## Work instruction
From the line holding "PrettyLittleThing Women's Black" through the line holding "Robe de Grossesse Beige" below, write out every line exactly; include both of those lines and drop the pictures.

## Data records
------------------------
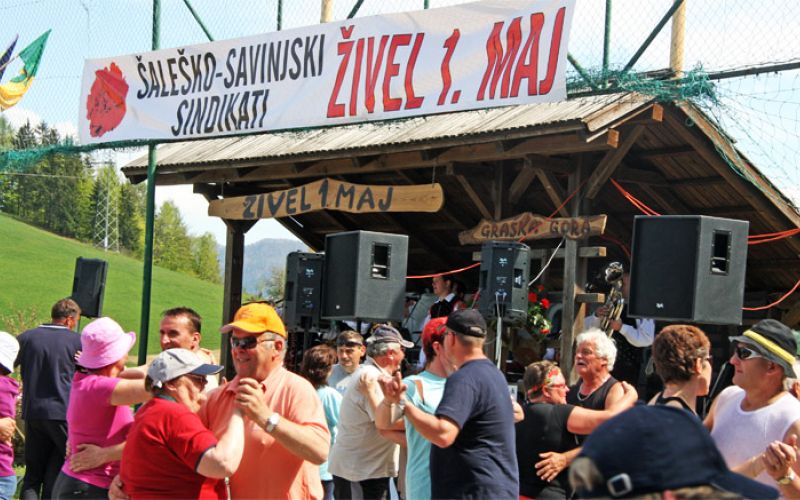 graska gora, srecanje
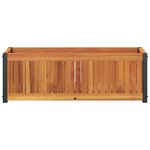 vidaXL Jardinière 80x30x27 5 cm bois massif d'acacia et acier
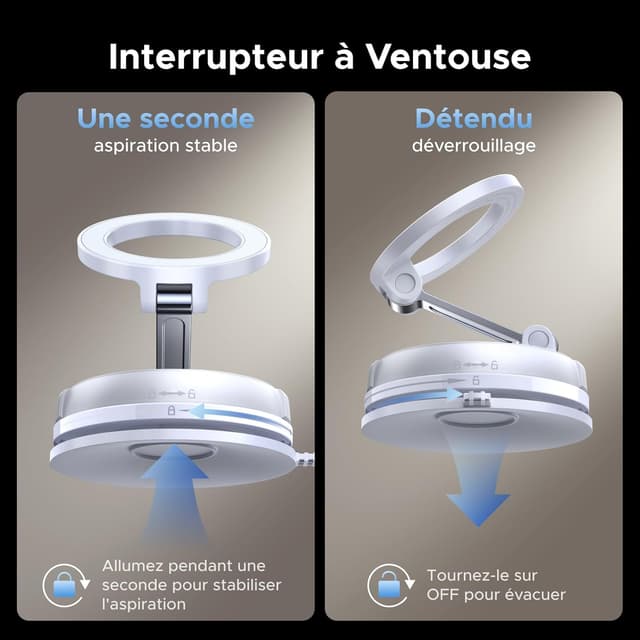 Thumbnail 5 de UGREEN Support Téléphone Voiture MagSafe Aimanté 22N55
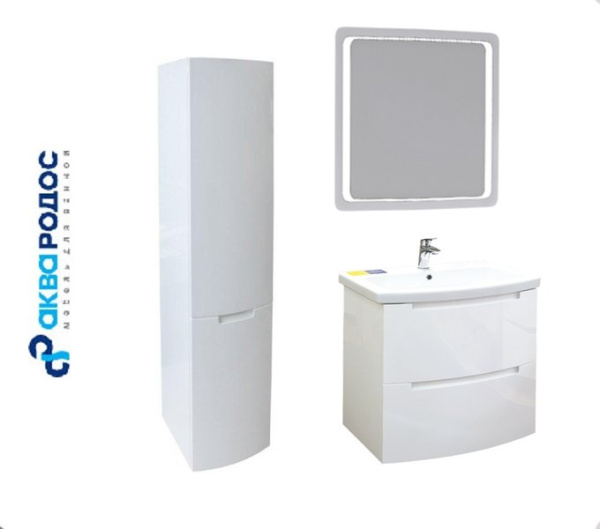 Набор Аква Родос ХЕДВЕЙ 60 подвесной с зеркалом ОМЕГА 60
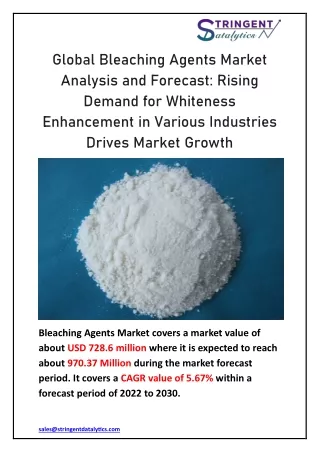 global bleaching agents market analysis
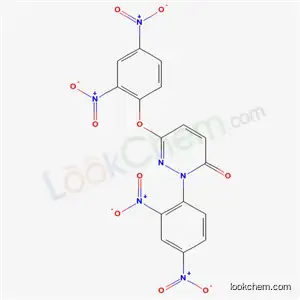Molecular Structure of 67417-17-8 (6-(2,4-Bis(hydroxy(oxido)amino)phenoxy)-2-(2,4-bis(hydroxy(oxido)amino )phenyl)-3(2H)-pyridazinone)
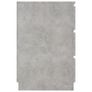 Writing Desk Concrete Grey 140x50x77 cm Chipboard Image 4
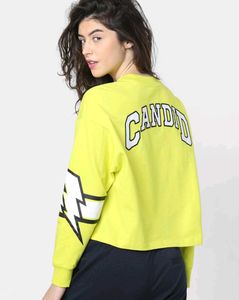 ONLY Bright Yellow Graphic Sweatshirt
------------------------
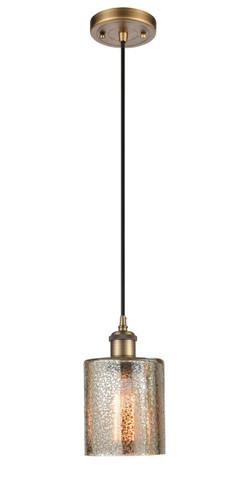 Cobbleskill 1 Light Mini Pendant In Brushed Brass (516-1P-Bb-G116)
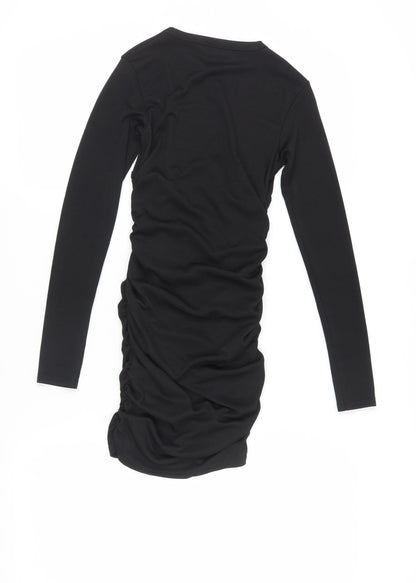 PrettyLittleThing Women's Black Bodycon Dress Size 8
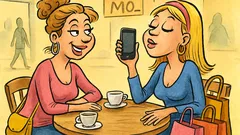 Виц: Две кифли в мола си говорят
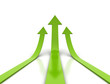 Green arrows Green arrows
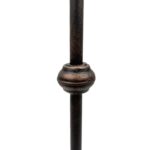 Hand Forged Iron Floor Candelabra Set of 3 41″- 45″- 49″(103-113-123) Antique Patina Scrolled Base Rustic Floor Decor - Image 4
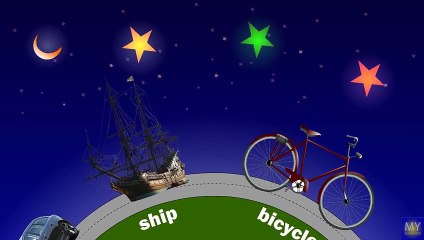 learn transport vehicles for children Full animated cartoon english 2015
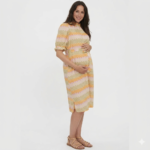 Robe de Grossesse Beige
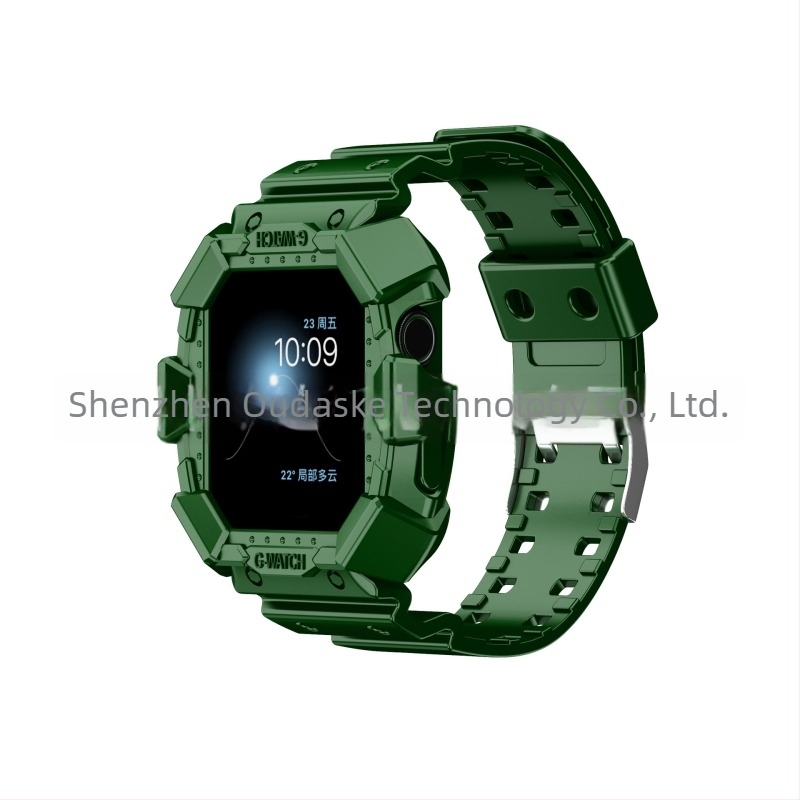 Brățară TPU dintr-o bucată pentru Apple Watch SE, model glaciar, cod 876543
------------------------
## Written response
 PrettyLittleThing Women's Black Bodycon Dress Size 8
 Виц: Две кифли в мола си говорят
 Green arrows Green arrows
 Hand Forged Iron Floor Candelabra Set of 3 41″- 45″- 49″(103-113-123) Antique Patina Scrolled Base Rustic Floor Decor - Image 4
 learn transport vehicles for children Full animated cartoon english 2015
 Robe de Grossesse Beige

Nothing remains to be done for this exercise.